Menurut Kamar Dagang Kairo, harga-harga sandang mengalami kenaikan antara 20 hingga 30 persen.
"Lonjakan harga-harga itu menyebabkan banyak rumah tangga urung membeli kebutuhan pakaian mereka, dan memilih menunda hingga Agustus mendatang ketika toko-toko menawarkan diskon," tutut Yehia Zananeri, deputi kepala Kamar Dagang bagian pakaian jadi.
Angka inflasi di Mesir terus mengalami tren kenaikan sejak pemerintah Mesir memangkas subsidi energi tahun lalu.

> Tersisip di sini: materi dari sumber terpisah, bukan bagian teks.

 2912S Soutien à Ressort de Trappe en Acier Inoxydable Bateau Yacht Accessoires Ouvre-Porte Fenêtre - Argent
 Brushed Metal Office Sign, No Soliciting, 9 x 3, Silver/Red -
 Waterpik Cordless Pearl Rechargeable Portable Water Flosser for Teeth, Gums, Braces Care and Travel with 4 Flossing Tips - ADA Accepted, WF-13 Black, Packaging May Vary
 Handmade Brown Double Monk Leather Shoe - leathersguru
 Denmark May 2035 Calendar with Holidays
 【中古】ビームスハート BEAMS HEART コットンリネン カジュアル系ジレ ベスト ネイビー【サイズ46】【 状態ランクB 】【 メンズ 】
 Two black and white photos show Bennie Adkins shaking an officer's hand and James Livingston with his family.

Inflasi tahunan tercatat mencapai 11.5 pereen pada bulan Juni, menurut pejabat badan statistik CAPMAS. Angka itu turun dari bulan Mei, 13,5 persen, tapi masih lebih tinggi daripada bulan April 11 persen.

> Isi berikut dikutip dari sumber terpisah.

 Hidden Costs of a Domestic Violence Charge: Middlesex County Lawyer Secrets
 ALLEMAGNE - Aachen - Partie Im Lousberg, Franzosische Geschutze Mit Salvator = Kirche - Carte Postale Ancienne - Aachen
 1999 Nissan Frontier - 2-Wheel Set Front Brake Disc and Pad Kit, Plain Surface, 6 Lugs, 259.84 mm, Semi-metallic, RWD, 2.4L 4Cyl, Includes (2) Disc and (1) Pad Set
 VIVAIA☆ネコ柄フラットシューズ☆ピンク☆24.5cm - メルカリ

Pihak Bank Dunia sendiri memperkirakan bahwa angka inflasi Mesir akan bercokol di sekitar 10 persen sepanjang tahun fiskal 2016-2017.

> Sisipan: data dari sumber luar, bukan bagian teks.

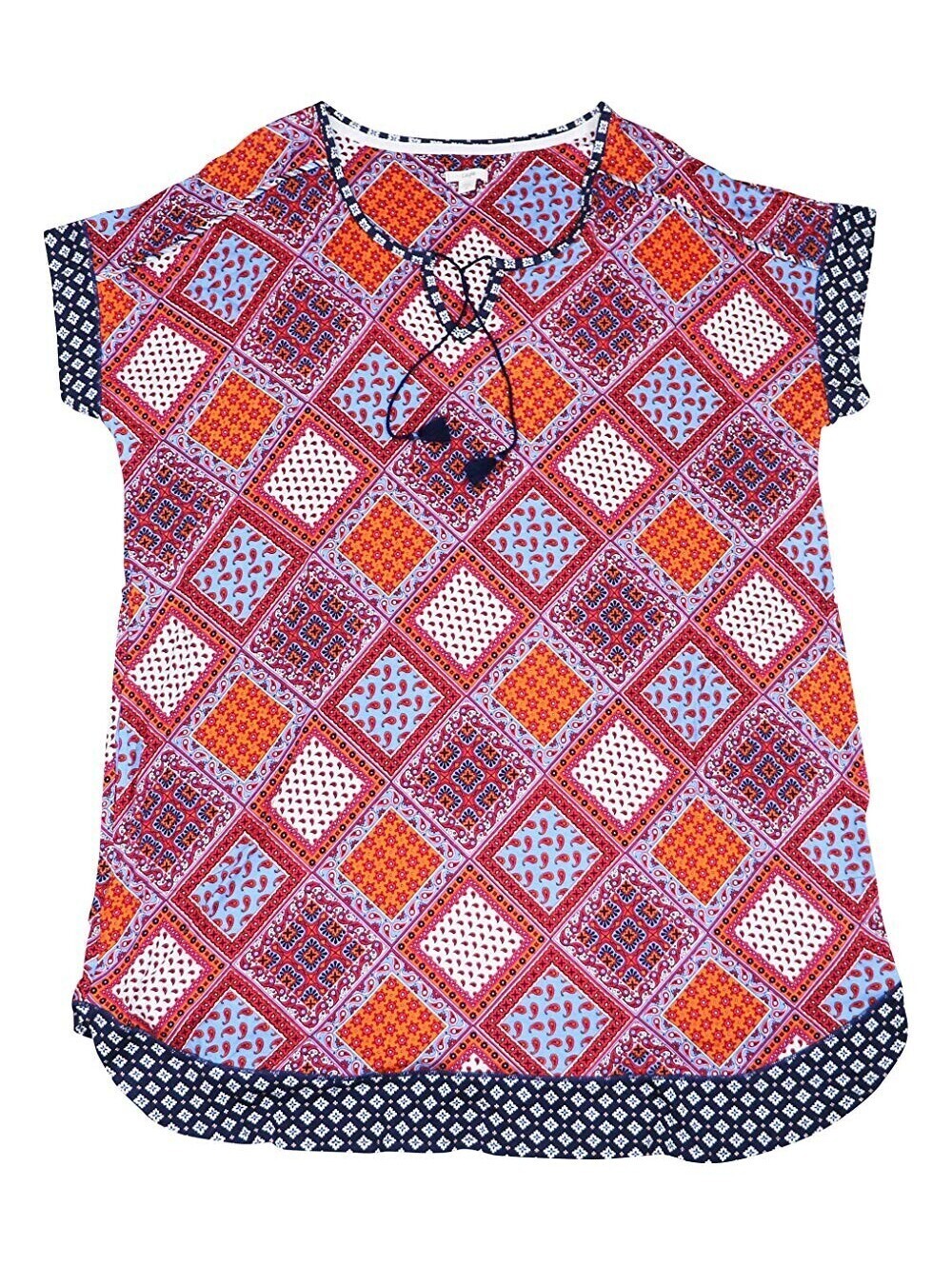 Layla Plus Size Contrast-Print Keyhole Sleepshirt Size 3X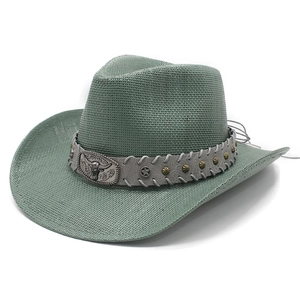 Western Cowboy Hat Paper Straw Sun Protection Outdoor Retro Ethnic With Bull Head Metal Buckle Rivets For Men Women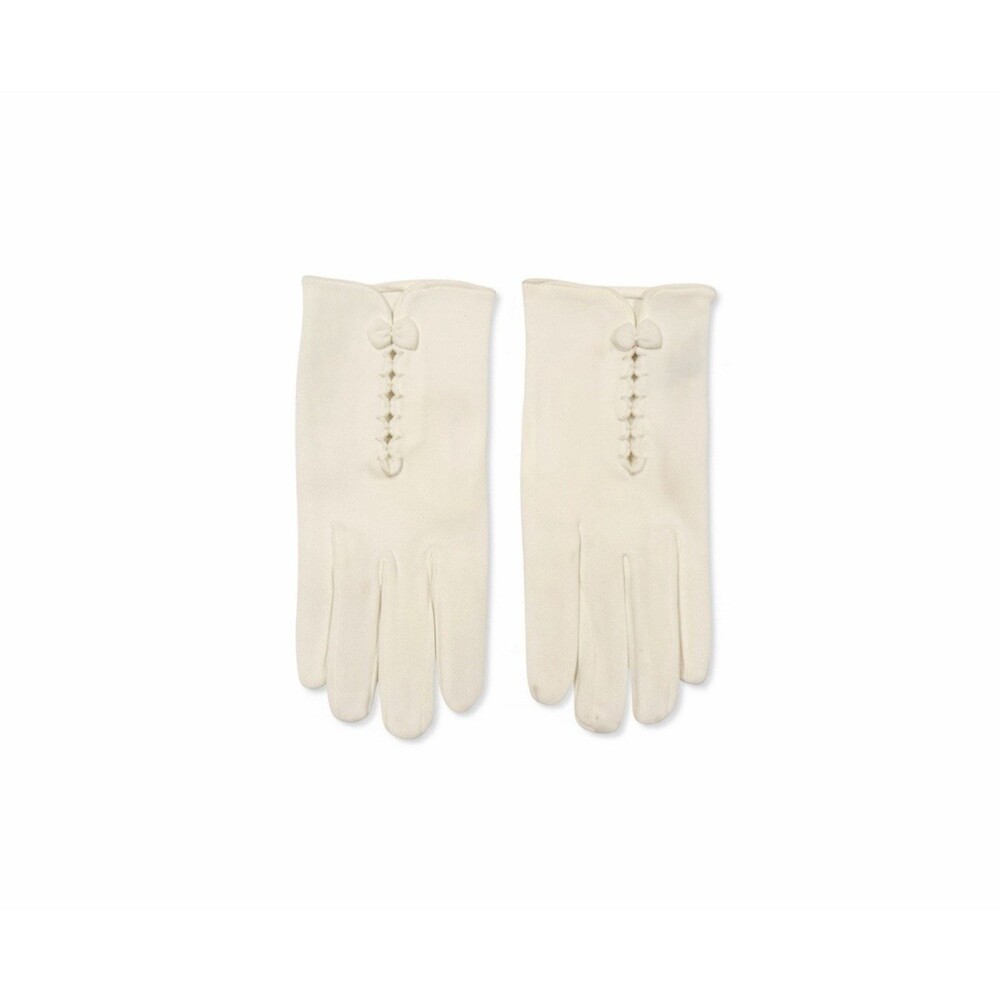 Vintage Children's White Nylon Gloves Embroidered Cutouts Mother’s Day Gift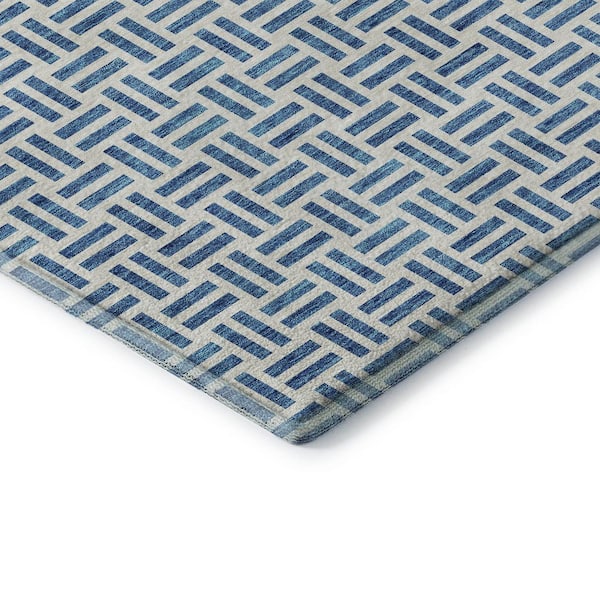 Mayfield Premium Machine Washable Abstract AMF978 Denim 1 ft. 8 in. x 2 ft. 6 in. Area Rug
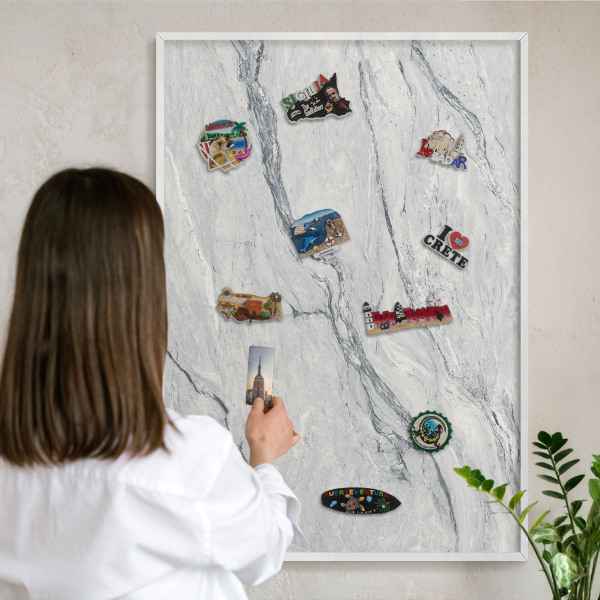 Magnetisch bord voor de muur met witte lijst Grijze elegantie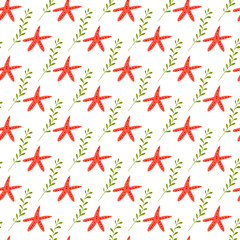 Summer abstract seamless pattern of marine plants. Starfish. Algae green. Marine theme. Print design, wallpaper, packaging. Vector flat illustration.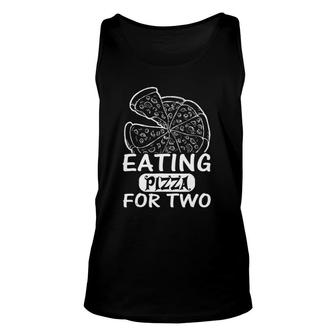 Eating Pizza For Two Funny Pregnancy New Baby Unisex Tank Top | Mazezy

"Saya pergi ke beberapa toko biar dapat baju murah meriah buat anak-anak saya, tapi tidak bisa," kata Kamal Ahmed, ayah tiga orang anak.
Didorong tekad demi bisa melukis senyum di wajah ketiga buah hatinya, Ahmed lantas pergi ke pasar rakyat di pusat Kairo memburu baju baru dengan harga yang masih bisa dijangkau.
"Walaupun kualitasnya tidak begitu bagus, baju-baju itu mudahan bisa menggembirakan anak-anak saya," ujar Ahmad.
Perekonomian Mesir terpukul keras selama empat tahun pergolakan politik sejak 2011 ketika kekuatan rakyat menggulingkan diktator Husni Mubarak dari singgasana kekuasaannya.
Mesir sendiri sebenarnya telah menerima bantuan miliaran dolar dari sekutu negara-negara Teluk, sejak militer Mesir mengkudeta presiden terpilih secara demokratis Muhamad Mursi pada tahun 2013.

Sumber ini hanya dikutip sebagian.